> [Data records]
↓↓↓

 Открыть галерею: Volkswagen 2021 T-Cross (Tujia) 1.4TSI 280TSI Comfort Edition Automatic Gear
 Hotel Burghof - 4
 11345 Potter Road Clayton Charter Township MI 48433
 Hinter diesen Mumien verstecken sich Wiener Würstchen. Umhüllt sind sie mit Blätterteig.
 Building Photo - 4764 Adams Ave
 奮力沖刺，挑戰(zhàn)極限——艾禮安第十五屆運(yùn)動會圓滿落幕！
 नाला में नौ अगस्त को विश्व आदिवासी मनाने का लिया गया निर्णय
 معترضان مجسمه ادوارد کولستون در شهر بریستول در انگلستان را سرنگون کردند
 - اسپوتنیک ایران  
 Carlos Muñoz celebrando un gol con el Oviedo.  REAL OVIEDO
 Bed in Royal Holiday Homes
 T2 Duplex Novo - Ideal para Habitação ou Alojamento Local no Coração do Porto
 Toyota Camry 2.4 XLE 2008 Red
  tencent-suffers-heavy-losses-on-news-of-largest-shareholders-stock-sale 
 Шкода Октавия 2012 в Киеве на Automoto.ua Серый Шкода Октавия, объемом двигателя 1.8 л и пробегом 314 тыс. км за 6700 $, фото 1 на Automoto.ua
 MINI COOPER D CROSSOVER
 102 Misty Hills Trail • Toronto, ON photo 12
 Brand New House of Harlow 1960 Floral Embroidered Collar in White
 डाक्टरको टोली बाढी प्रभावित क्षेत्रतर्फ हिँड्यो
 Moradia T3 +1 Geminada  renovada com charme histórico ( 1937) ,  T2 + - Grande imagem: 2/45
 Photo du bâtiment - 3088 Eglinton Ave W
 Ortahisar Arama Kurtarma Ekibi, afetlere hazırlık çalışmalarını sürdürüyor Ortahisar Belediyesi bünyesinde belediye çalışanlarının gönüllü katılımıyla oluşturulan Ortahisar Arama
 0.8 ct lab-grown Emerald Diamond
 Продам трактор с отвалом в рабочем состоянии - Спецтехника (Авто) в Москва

↑↑↑

> [Your instructions]
All that is wanted is the lines from the one containing "Bed in Royal Holiday Homes" through the last line of the records, restated word for word.

> [Reply]
 Bed in Royal Holiday Homes
 T2 Duplex Novo - Ideal para Habitação ou Alojamento Local no Coração do Porto
 Toyota Camry 2.4 XLE 2008 Red
  tencent-suffers-heavy-losses-on-news-of-largest-shareholders-stock-sale 
 Шкода Октавия 2012 в Киеве на Automoto.ua Серый Шкода Октавия, объемом двигателя 1.8 л и пробегом 314 тыс. км за 6700 $, фото 1 на Automoto.ua
 MINI COOPER D CROSSOVER
 102 Misty Hills Trail • Toronto, ON photo 12
 Brand New House of Harlow 1960 Floral Embroidered Collar in White
 डाक्टरको टोली बाढी प्रभावित क्षेत्रतर्फ हिँड्यो
 Moradia T3 +1 Geminada  renovada com charme histórico ( 1937) ,  T2 + - Grande imagem: 2/45
 Photo du bâtiment - 3088 Eglinton Ave W
 Ortahisar Arama Kurtarma Ekibi, afetlere hazırlık çalışmalarını sürdürüyor Ortahisar Belediyesi bünyesinde belediye çalışanlarının gönüllü katılımıyla oluşturulan Ortahisar Arama
 0.8 ct lab-grown Emerald Diamond
 Продам трактор с отвалом в рабочем состоянии - Спецтехника (Авто) в Москва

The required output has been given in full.